- _Materials provided_:
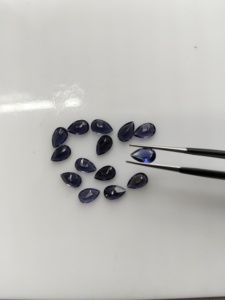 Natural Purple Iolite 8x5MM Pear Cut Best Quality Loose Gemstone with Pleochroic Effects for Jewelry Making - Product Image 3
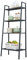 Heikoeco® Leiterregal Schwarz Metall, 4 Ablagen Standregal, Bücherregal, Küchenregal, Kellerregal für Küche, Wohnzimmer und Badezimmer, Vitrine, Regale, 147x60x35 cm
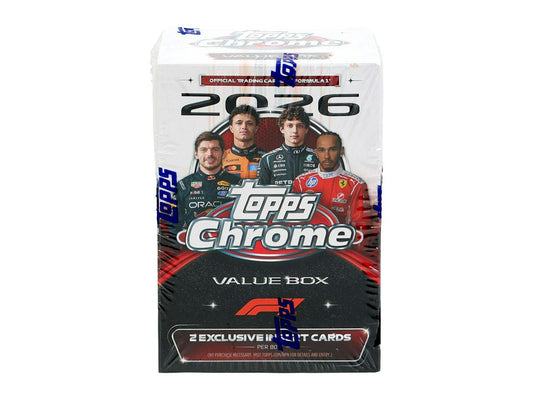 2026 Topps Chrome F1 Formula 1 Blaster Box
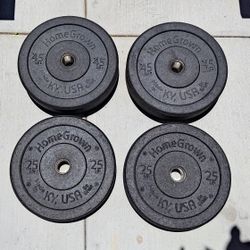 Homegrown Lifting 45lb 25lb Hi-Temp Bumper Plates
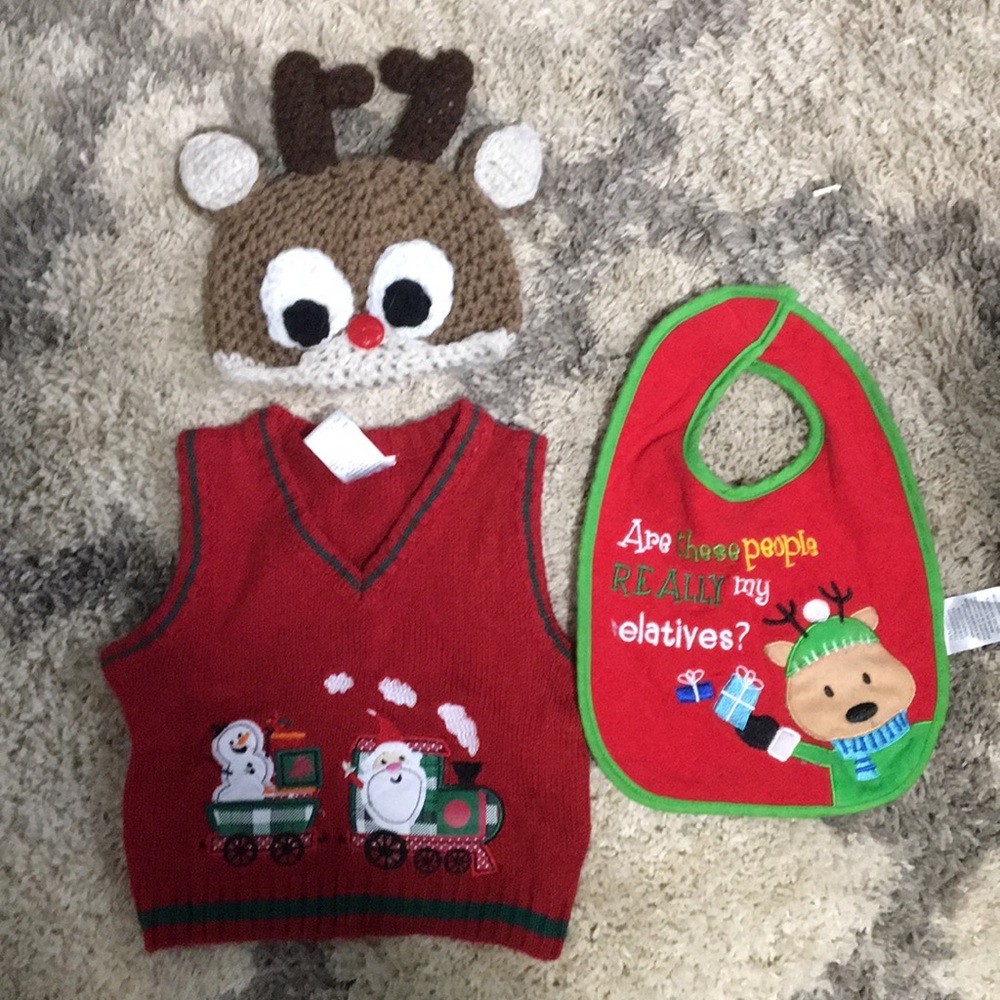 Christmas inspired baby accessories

- _Task item_: With the pictures omitted, the material is to be transcribed exactly.

- _Output of the exercise_:
 Natural Purple Iolite 8x5MM Pear Cut Best Quality Loose Gemstone with Pleochroic Effects for Jewelry Making - Product Image 3
 Heikoeco® Leiterregal Schwarz Metall, 4 Ablagen Standregal, Bücherregal, Küchenregal, Kellerregal für Küche, Wohnzimmer und Badezimmer, Vitrine, Regale, 147x60x35 cm
 2026 Topps Chrome F1 Formula 1 Blaster Box
 Homegrown Lifting 45lb 25lb Hi-Temp Bumper Plates
 Christmas inspired baby accessories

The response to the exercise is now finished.